For the listing below, return the line containing "Fendi Bronze Borsa", the line containing "X2-Mtg-Elderfang Venom -Commander: Kaldheim- Regular", and all lines in between, exactly as written and nothing else.

*** Dataset content ***

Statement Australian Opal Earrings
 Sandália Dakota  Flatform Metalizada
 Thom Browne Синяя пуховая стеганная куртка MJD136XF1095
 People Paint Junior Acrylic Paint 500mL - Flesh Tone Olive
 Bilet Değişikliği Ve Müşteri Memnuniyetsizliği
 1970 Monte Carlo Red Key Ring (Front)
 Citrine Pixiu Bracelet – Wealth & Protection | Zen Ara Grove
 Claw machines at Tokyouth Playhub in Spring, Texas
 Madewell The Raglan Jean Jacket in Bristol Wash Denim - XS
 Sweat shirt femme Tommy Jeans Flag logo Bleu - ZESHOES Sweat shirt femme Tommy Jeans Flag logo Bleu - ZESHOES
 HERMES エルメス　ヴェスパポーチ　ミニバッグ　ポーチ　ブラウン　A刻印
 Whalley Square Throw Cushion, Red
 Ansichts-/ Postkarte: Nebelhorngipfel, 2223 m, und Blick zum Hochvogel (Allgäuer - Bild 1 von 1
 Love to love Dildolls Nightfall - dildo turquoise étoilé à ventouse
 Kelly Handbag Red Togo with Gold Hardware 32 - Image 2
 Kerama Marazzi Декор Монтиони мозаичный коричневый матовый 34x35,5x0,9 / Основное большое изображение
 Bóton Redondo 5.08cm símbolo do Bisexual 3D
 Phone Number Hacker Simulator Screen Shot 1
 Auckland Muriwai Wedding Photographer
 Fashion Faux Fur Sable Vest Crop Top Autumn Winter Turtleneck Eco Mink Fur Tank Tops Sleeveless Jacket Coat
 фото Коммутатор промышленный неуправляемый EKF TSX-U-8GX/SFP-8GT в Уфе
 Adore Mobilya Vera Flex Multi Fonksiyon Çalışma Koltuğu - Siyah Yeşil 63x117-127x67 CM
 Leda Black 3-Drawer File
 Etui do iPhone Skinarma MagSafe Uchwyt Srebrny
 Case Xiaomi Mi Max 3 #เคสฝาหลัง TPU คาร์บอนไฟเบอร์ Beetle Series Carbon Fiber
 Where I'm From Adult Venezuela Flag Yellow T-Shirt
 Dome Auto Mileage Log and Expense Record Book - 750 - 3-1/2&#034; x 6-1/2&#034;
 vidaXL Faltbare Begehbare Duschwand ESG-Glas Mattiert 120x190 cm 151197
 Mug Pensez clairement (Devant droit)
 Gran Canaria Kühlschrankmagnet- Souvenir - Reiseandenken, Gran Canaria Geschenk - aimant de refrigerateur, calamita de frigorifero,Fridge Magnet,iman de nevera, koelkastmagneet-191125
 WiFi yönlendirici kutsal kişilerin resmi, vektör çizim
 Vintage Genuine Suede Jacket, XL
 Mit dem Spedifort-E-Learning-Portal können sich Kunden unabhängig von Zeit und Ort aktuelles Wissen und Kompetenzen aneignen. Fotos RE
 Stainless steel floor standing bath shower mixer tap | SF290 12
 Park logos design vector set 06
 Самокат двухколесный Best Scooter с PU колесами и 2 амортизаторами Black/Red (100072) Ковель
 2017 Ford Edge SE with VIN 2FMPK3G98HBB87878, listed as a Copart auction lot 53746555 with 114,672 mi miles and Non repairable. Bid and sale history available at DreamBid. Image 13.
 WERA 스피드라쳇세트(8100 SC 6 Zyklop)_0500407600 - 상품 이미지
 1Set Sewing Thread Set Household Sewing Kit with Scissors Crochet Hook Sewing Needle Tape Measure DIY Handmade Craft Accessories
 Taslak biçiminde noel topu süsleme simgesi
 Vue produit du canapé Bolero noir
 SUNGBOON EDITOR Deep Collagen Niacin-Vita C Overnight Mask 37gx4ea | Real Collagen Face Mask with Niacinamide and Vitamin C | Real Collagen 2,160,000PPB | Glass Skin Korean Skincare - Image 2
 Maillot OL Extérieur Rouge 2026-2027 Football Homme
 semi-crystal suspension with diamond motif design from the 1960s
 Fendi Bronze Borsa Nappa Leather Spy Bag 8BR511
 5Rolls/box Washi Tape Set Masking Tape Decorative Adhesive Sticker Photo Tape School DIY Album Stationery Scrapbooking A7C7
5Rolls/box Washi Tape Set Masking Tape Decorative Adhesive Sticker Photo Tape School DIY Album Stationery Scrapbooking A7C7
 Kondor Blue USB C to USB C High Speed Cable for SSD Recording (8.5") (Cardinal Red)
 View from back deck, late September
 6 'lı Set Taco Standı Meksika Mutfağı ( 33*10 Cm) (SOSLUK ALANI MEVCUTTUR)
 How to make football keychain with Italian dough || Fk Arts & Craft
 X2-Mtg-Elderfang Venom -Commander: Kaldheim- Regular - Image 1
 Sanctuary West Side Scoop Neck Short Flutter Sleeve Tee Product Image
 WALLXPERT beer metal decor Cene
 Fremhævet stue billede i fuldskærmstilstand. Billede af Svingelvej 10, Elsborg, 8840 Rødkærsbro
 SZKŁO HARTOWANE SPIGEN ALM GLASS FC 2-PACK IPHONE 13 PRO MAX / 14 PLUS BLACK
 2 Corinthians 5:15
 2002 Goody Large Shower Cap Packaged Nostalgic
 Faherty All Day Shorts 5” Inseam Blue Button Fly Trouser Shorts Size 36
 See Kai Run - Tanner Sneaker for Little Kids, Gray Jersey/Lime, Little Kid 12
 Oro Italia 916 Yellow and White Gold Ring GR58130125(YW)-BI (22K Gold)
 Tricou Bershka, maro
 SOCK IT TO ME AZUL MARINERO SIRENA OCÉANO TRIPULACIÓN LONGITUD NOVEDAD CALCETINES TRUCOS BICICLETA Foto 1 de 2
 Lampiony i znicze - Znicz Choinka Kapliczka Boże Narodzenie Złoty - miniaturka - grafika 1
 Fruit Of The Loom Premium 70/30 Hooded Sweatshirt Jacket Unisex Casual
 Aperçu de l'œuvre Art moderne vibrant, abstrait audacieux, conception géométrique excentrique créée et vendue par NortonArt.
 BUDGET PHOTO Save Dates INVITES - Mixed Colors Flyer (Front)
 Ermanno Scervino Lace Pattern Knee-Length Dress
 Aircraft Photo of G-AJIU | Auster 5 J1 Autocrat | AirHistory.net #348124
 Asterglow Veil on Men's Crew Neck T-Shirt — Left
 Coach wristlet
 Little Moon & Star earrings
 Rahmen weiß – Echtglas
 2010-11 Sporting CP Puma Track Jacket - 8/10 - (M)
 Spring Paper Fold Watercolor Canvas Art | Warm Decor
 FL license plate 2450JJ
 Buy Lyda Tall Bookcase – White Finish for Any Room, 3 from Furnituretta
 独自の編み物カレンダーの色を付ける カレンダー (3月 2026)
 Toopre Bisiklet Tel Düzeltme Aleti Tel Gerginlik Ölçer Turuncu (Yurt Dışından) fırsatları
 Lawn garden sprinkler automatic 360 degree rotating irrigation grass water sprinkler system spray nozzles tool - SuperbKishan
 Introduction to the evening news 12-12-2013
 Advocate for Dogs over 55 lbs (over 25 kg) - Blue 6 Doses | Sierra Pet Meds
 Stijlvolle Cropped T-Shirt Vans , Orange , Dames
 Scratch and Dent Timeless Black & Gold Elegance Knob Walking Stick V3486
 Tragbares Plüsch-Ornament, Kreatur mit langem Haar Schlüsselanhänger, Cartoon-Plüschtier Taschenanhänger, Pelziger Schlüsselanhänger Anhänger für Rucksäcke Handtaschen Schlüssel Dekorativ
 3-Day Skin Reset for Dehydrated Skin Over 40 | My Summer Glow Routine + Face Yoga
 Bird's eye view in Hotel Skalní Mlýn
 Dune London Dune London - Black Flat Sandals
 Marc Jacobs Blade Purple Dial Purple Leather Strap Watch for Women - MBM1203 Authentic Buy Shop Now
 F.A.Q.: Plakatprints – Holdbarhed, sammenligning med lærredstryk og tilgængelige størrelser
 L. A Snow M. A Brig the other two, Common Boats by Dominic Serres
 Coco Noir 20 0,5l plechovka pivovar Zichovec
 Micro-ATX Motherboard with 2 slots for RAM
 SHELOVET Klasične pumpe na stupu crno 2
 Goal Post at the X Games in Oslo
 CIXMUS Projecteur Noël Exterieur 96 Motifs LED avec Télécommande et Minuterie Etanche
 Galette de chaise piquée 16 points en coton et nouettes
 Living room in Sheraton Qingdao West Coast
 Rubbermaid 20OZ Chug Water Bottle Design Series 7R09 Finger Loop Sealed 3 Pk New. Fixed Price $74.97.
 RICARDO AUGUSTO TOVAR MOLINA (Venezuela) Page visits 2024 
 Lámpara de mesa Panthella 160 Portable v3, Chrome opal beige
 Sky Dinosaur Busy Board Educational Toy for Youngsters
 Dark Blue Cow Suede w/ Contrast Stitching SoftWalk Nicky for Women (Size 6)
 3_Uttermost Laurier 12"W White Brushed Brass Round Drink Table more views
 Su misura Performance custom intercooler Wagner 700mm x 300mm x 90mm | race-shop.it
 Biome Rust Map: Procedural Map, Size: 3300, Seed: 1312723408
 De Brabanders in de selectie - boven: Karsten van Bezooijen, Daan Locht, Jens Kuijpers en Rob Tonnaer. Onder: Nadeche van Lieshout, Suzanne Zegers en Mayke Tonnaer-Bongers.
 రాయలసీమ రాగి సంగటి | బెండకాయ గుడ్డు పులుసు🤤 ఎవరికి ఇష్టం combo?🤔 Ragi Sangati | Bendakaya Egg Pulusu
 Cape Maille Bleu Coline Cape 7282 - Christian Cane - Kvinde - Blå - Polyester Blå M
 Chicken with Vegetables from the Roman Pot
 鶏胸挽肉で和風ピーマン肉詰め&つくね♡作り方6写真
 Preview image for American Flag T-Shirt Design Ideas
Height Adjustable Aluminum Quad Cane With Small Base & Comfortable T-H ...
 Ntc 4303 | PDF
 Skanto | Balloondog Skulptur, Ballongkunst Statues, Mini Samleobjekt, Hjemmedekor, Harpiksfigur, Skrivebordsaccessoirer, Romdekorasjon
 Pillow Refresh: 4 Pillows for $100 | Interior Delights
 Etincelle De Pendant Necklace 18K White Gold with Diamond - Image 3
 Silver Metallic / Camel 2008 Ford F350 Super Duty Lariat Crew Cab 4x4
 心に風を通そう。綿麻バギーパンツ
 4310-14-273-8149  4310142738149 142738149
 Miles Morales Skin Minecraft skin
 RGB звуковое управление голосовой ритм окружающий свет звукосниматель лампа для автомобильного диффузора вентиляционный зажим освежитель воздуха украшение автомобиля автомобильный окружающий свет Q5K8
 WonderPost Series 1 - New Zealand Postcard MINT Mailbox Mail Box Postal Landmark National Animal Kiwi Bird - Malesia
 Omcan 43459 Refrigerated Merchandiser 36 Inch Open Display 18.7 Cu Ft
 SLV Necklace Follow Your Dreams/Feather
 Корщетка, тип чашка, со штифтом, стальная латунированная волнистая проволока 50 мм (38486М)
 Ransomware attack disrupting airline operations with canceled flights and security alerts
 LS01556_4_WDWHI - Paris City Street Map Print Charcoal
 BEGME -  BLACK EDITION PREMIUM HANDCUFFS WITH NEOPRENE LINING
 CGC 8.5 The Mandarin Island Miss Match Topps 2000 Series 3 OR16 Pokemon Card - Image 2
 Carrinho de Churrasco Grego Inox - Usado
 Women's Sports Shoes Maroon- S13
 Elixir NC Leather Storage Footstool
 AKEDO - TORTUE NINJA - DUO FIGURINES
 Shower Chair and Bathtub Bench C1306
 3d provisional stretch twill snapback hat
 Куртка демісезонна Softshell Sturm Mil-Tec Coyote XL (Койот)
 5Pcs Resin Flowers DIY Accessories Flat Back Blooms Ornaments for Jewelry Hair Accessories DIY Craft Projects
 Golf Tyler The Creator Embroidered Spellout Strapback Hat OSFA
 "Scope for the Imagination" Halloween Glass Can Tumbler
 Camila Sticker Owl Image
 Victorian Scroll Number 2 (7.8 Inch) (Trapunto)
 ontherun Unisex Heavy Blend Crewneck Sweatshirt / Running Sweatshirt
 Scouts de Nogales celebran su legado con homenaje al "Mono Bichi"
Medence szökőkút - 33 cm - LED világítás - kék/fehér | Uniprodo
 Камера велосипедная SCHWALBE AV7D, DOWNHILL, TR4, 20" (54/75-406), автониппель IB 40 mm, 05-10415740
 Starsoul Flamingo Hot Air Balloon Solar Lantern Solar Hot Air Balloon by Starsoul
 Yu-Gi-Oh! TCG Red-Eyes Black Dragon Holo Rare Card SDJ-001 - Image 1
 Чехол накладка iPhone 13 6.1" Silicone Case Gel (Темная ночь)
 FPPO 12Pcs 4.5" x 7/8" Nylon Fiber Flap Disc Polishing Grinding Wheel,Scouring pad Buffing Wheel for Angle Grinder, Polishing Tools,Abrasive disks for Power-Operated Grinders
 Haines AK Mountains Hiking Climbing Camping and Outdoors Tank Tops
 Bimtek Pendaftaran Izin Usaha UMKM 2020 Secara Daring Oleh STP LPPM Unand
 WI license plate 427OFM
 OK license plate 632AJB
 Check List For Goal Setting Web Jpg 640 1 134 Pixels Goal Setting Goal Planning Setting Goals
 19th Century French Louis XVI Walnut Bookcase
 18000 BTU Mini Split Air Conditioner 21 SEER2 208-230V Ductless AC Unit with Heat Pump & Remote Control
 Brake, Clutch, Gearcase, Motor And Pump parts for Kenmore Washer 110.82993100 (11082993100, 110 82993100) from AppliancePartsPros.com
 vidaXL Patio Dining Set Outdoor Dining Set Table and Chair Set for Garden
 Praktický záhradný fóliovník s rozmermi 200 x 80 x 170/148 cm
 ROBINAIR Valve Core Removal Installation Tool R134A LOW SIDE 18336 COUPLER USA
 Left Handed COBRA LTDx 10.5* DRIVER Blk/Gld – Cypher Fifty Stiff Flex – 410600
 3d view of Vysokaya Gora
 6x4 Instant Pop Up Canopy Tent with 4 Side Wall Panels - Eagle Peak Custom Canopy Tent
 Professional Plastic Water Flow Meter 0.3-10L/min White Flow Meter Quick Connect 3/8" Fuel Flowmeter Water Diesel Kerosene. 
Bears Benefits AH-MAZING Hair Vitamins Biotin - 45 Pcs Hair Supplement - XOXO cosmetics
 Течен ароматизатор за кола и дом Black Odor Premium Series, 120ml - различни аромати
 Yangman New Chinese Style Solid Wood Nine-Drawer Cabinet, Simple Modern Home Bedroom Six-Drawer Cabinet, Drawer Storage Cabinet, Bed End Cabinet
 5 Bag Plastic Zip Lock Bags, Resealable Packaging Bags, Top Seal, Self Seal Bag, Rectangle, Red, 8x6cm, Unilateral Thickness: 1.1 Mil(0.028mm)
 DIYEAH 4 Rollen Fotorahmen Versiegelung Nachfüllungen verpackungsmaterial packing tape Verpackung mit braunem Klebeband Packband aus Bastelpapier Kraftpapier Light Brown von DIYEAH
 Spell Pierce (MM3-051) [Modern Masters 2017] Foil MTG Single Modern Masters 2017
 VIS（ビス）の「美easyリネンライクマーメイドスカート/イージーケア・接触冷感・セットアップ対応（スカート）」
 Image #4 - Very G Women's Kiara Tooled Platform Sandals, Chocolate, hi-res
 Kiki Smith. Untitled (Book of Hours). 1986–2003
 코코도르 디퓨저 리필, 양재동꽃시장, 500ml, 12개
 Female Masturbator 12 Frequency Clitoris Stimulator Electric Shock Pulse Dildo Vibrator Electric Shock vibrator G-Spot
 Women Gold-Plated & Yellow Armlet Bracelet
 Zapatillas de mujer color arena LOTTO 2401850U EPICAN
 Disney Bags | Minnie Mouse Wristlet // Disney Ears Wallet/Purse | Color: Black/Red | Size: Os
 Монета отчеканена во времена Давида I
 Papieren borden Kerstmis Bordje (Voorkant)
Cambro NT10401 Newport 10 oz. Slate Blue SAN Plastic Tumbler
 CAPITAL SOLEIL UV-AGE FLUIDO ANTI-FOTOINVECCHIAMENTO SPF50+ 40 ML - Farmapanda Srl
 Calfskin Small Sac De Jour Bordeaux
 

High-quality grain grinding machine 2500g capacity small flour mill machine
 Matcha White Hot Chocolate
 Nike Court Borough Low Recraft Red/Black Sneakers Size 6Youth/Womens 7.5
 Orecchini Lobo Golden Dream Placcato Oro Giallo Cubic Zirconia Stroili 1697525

***

Response:
 Fendi Bronze Borsa Nappa Leather Spy Bag 8BR511
 5Rolls/box Washi Tape Set Masking Tape Decorative Adhesive Sticker Photo Tape School DIY Album Stationery Scrapbooking A7C7
5Rolls/box Washi Tape Set Masking Tape Decorative Adhesive Sticker Photo Tape School DIY Album Stationery Scrapbooking A7C7
 Kondor Blue USB C to USB C High Speed Cable for SSD Recording (8.5") (Cardinal Red)
 View from back deck, late September
 6 'lı Set Taco Standı Meksika Mutfağı ( 33*10 Cm) (SOSLUK ALANI MEVCUTTUR)
 How to make football keychain with Italian dough || Fk Arts & Craft
 X2-Mtg-Elderfang Venom -Commander: Kaldheim- Regular - Image 1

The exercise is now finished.